# Work request
Return the listing below unchanged, except that the pictures are dropped.

# Records for the exercise

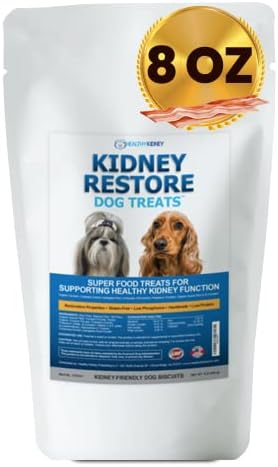  Kidney Restore Bacon Flavor Dog Treats: Low Protein Dog Treats For Kidney Health. Kidney Dog Treats For Kidney Function For Dogs. Renal Friendly Low Protein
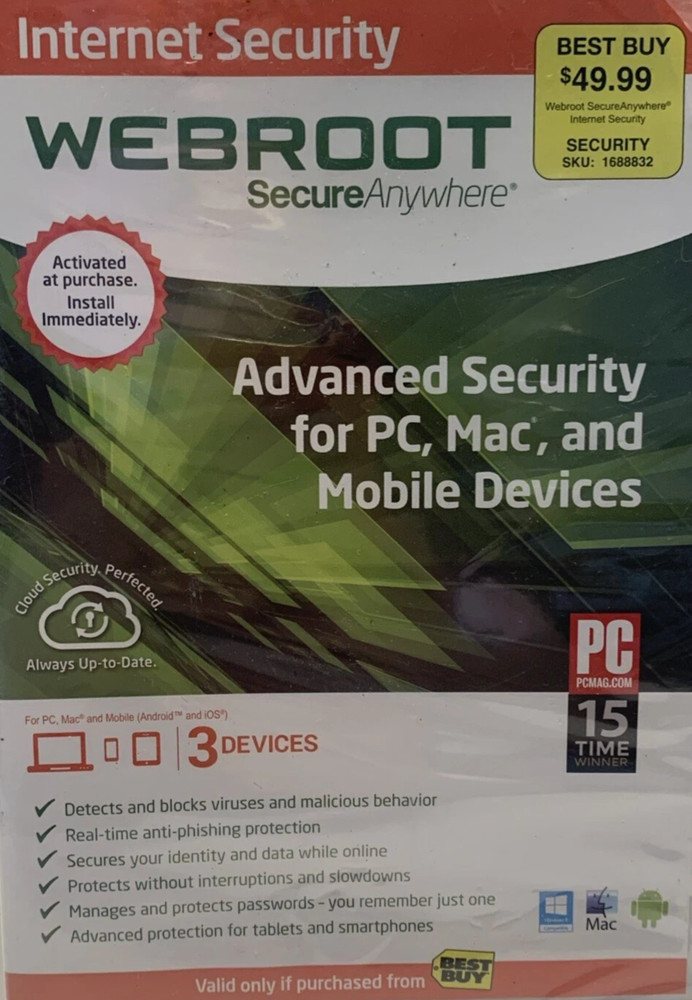 WEBROOT Secure Anywhere Internet Security, 3 Devices Antivirus Mobile PC Mac B19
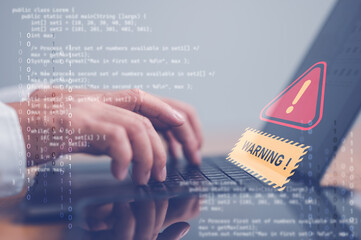 Leinwandbilder - System warning hacked alert, cyber attack on computer network. Cybersecurity vulnerability, data breach, illegal connection, compromised information concept. Malicious software, virus and cybercrime.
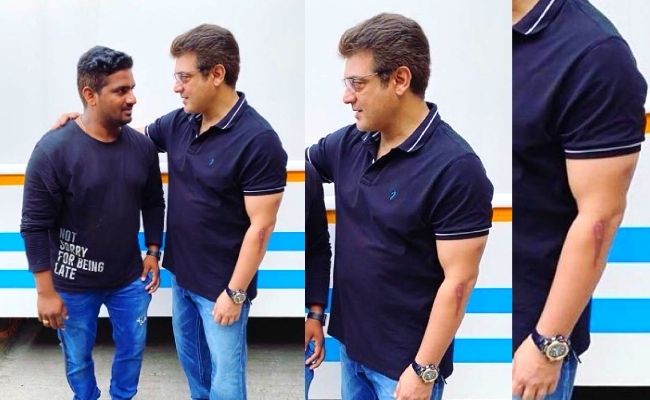 Thala Ajith's latest Valimai pic goes viral - Fans wonder if his left hand mark is injury, see pic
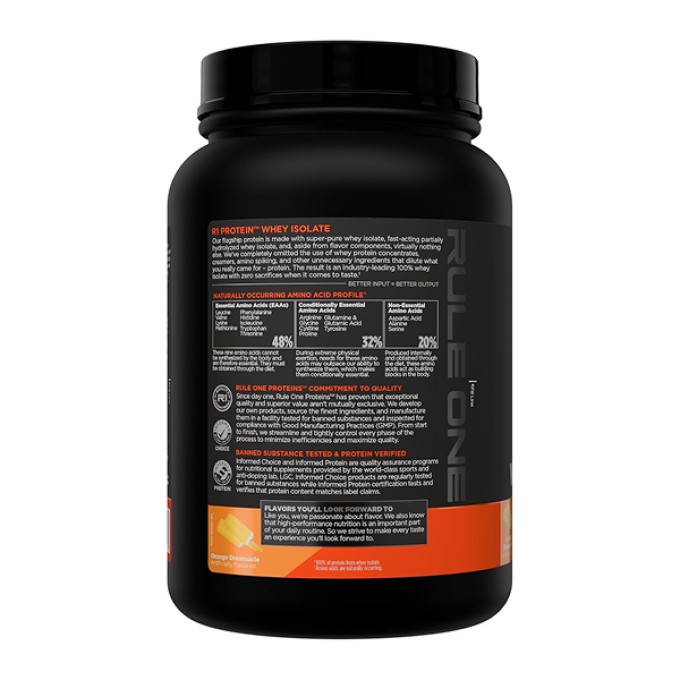 Rule 1 Protein Whey Isolate со вкусом "Ванильное мороженое", 900 г (2 lbs)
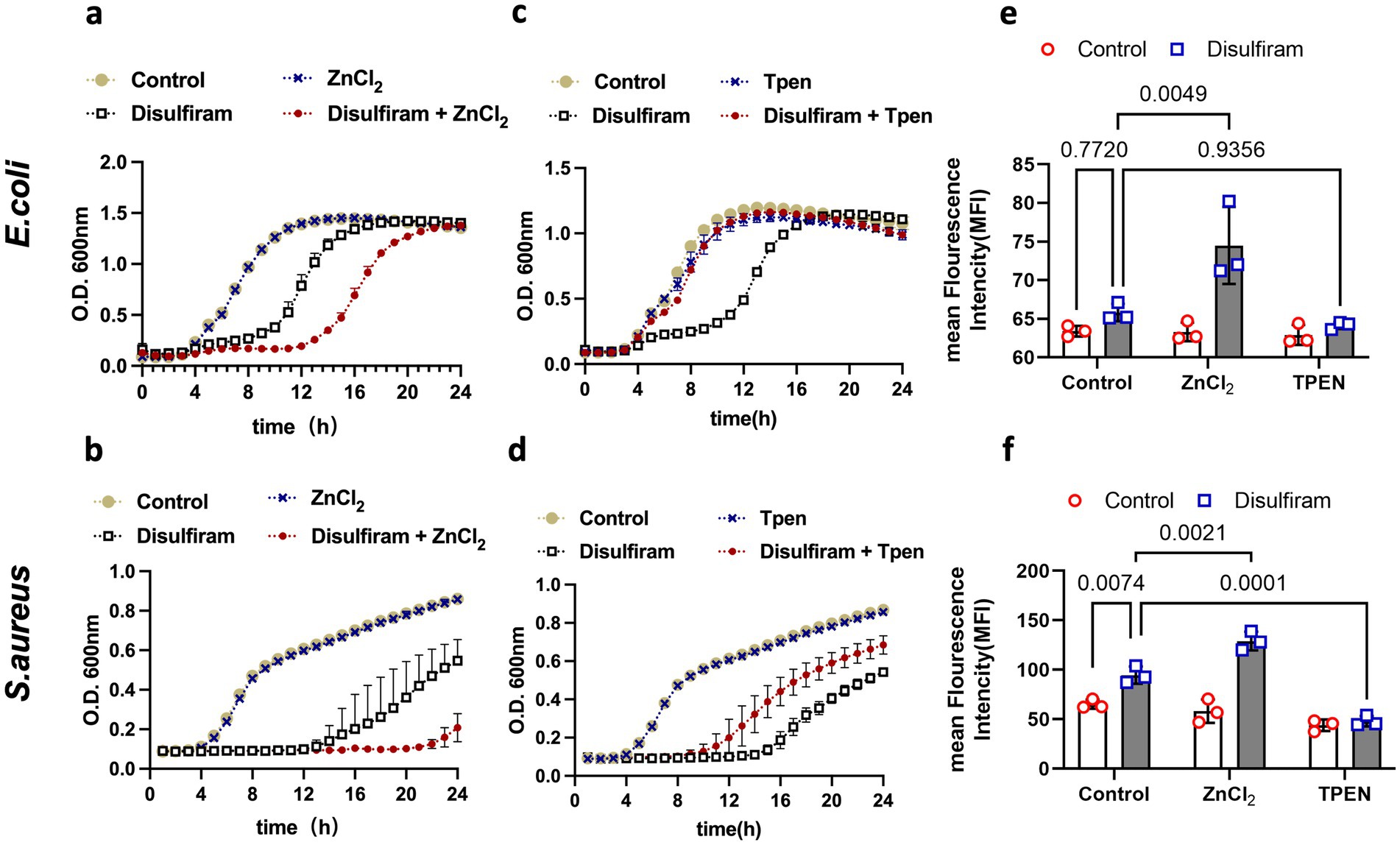 Graphs show bacterial growth and fluorescence intensity. Panels a and c display E. coli growth with different treatments: control, ZnClâ‚‚, disulfiram, and combinations, over 24 hours. Panels b and d show S. aureus growth under the same conditions. Panels e and f present mean fluorescence intensity across different treatments, with statistical significance indicated. Treatments involve ZnClâ‚‚ and TPEN, impacting growth and fluorescence differently for E. coli and S. aureus.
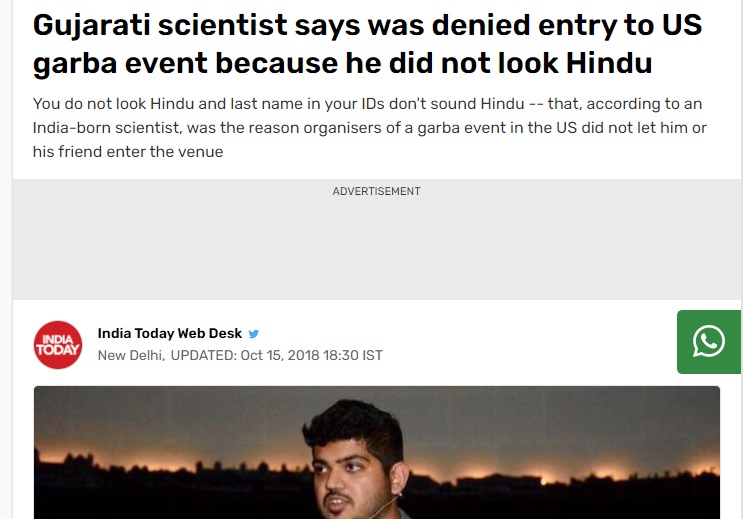 Viral newspaper clipping of Gujarati scientist thrown out of a US garba venue, although true, was of a 2018 incident.
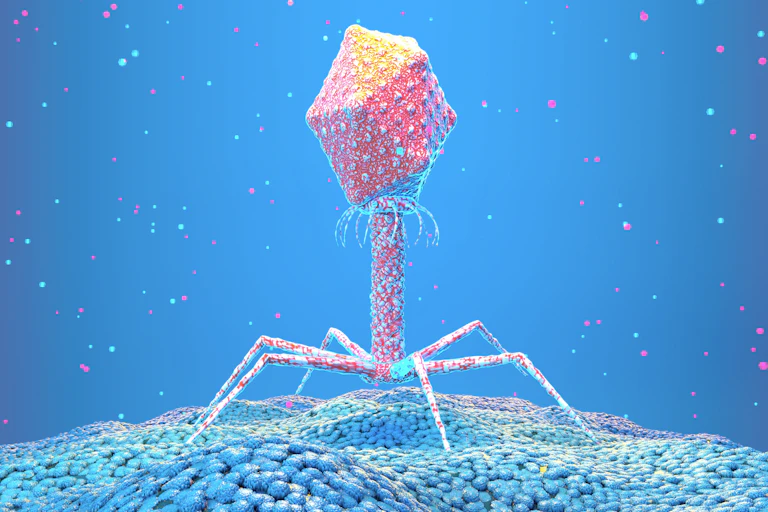 Bacteriophage on the surface of a bacterium.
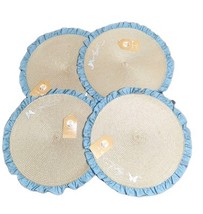 Set of 4 Dolly Parton Blue Ruffle Round Placemats Viral Discontinued - $24.99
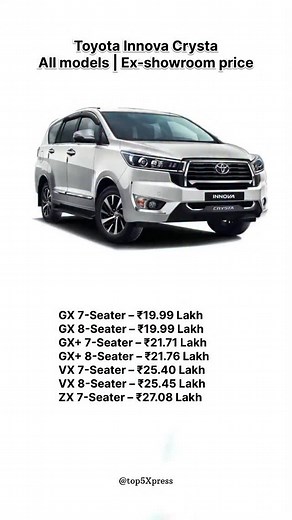 Top 5 Xpress on Instagram: "All-New Toyota Innova Crysta 2025 – Models & Prices Revealed! Which one would you take for a spin? . . . . . . . . #ToyotaInnova #InnovaCrysta #CarReels #CarLovers #Innova2025 #DreamCar #CarUpdates #CarPrice2025 #LuxuryOnWheels #AutoWorld #ViralCars #CarsofIndia #ToyotaLife #InnovaNation #CarGram"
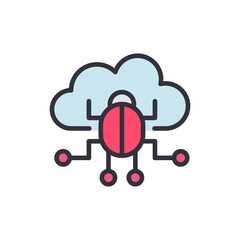 Cloud antivirus colored icons, minimalist vector illustration ,simple transparent graphic element .Isolated on white background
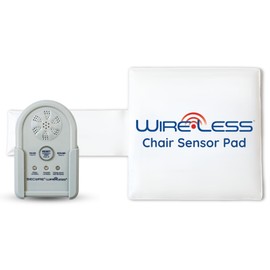 Secure Wireless Chair Alarm for Elderly Dementia Patients - 12" x 12" Wheelchair or Chair Sensor Pad, Patient Monitor w/ Alarm Pause & Delay - Chair Alarms and Fall Prevention for Elderly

# Result of this task
  Kidney Restore Bacon Flavor Dog Treats: Low Protein Dog Treats For Kidney Health. Kidney Dog Treats For Kidney Function For Dogs. Renal Friendly Low Protein
 WEBROOT Secure Anywhere Internet Security, 3 Devices Antivirus Mobile PC Mac B19
 Leinwandbilder - System warning hacked alert, cyber attack on computer network. Cybersecurity vulnerability, data breach, illegal connection, compromised information concept. Malicious software, virus and cybercrime.
 Thala Ajith's latest Valimai pic goes viral - Fans wonder if his left hand mark is injury, see pic
 Rule 1 Protein Whey Isolate со вкусом "Ванильное мороженое", 900 г (2 lbs)
 Graphs show bacterial growth and fluorescence intensity. Panels a and c display E. coli growth with different treatments: control, ZnClâ‚‚, disulfiram, and combinations, over 24 hours. Panels b and d show S. aureus growth under the same conditions. Panels e and f present mean fluorescence intensity across different treatments, with statistical significance indicated. Treatments involve ZnClâ‚‚ and TPEN, impacting growth and fluorescence differently for E. coli and S. aureus.
 Viral newspaper clipping of Gujarati scientist thrown out of a US garba venue, although true, was of a 2018 incident.
 Bacteriophage on the surface of a bacterium.
 Set of 4 Dolly Parton Blue Ruffle Round Placemats Viral Discontinued - $24.99
 Top 5 Xpress on Instagram: "All-New Toyota Innova Crysta 2025 – Models & Prices Revealed! Which one would you take for a spin? . . . . . . . . #ToyotaInnova #InnovaCrysta #CarReels #CarLovers #Innova2025 #DreamCar #CarUpdates #CarPrice2025 #LuxuryOnWheels #AutoWorld #ViralCars #CarsofIndia #ToyotaLife #InnovaNation #CarGram"
 Cloud antivirus colored icons, minimalist vector illustration ,simple transparent graphic element .Isolated on white background
 Secure Wireless Chair Alarm for Elderly Dementia Patients - 12" x 12" Wheelchair or Chair Sensor Pad, Patient Monitor w/ Alarm Pause & Delay - Chair Alarms and Fall Prevention for Elderly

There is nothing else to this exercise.